Keeping the foodservice equipment marketplace up to date with the latest menu and concept trends.


How to Plan for a Successful To-Go Assembly Line

Many operations now have food assembly lines for processing online orders that guests and third-party delivery drivers pick up. These lines shorten ticket times and improve customer service for both dine-in and off-premises guests.

As with any major change to a kitchen, though, operators should consider the operational and service implications of these new lines.

Some considerations are relatively simple and straightforward. While utilities and hood space often come up with new equipment, there usually isn’t much to be concerned about when it comes to lines dedicated to off-premises orders, says Scott Hester, president of Dallas-based Refrigerated Specialists Inc. and Cooking Equipment Specialist. Assembly lines for online orders typically consist of cold tables, steam tables and maybe some small reheating units, like a microwave or a high-speed oven. Such lines don’t require any gas or hood space. In the vast majority of cases, at most they’ll need a new electrical circuit, which is a relatively simple addition.

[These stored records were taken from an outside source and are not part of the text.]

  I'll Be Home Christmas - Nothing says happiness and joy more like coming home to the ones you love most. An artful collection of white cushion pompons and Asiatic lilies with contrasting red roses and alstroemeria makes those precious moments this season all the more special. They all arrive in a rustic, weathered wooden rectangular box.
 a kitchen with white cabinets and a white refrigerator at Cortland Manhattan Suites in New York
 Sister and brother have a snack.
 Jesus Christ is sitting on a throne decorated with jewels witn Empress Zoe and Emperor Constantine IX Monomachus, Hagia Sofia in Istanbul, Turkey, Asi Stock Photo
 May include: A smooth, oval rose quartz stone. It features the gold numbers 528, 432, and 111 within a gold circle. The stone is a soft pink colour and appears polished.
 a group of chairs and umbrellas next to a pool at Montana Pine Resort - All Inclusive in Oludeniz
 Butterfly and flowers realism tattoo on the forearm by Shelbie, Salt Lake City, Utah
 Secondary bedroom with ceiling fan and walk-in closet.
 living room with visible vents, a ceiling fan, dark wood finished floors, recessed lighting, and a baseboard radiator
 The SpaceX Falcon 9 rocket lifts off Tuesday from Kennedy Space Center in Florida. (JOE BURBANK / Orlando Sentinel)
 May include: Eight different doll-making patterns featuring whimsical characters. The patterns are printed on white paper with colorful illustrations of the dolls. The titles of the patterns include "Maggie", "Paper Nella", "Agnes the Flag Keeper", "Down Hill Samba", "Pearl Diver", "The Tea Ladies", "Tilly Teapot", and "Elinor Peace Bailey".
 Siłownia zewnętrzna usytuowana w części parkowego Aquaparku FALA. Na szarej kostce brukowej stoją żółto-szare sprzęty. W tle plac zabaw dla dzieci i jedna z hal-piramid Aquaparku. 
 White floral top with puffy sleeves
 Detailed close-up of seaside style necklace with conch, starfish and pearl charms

Placement of these lines represents a more important consideration. Operators should look for more than the linear feet necessary to accommodate a small steam table and cold table. They also need to factor in the immediate surrounding environment, says Hester. This includes the impacts of HVAC vents and heat lamps.

“I see a lot of windows with heat lamps where the radiant heat overflows the shelf where you lay the plate. The glow comes off of the window … if you lay it out in a way so the heat lamp is radiating down on the cold plans, you are not going to be compliant,” says Hester.

Similarly, operators should consider how these pieces impact and are impacted by nearby equipment. The location of a new assembly line, for instance, could make servicing existing equipment for repair more difficult by cutting off access panels or simply not leaving a service technician without enough room to work.

When creating to-go assembly lines, factor in the equipment, Hester says. Operators should pay attention to access panels for these pieces and work with their design partner to specify equipment with key components accessible from the front, making these items easier to repair. Similarly, having units put on casters makes them easier to move. This can speed up repairs and limit disruptions to a kitchen when a piece needs emergency service.

When a piece does go down, operators should think about the best time to have a field technician in their kitchens. While a broken unit is never easy on a business, many foodservice operations can have the primary line absorb to-go demand. This could provide flexibility in scheduling service.

And flexibility might be necessary, simply due to square footage. Adding a to-go line to an existing kitchen may crowd an already crowded space. Putting a repair technician in the mix might not be possible during peak hours. Operators should consider this when placing a service call.

“Think about the small footprint,” Hester advises. “There are a lot of situations where the lesser of two evils is to tell the technician to come later.”

With the explosion of online and app-based ordering, assembly lines dedicated to these customers can support efficient operations. To make kitchens with these lines work as well as possible, operators should be thoughtful about how they are set up and serviced.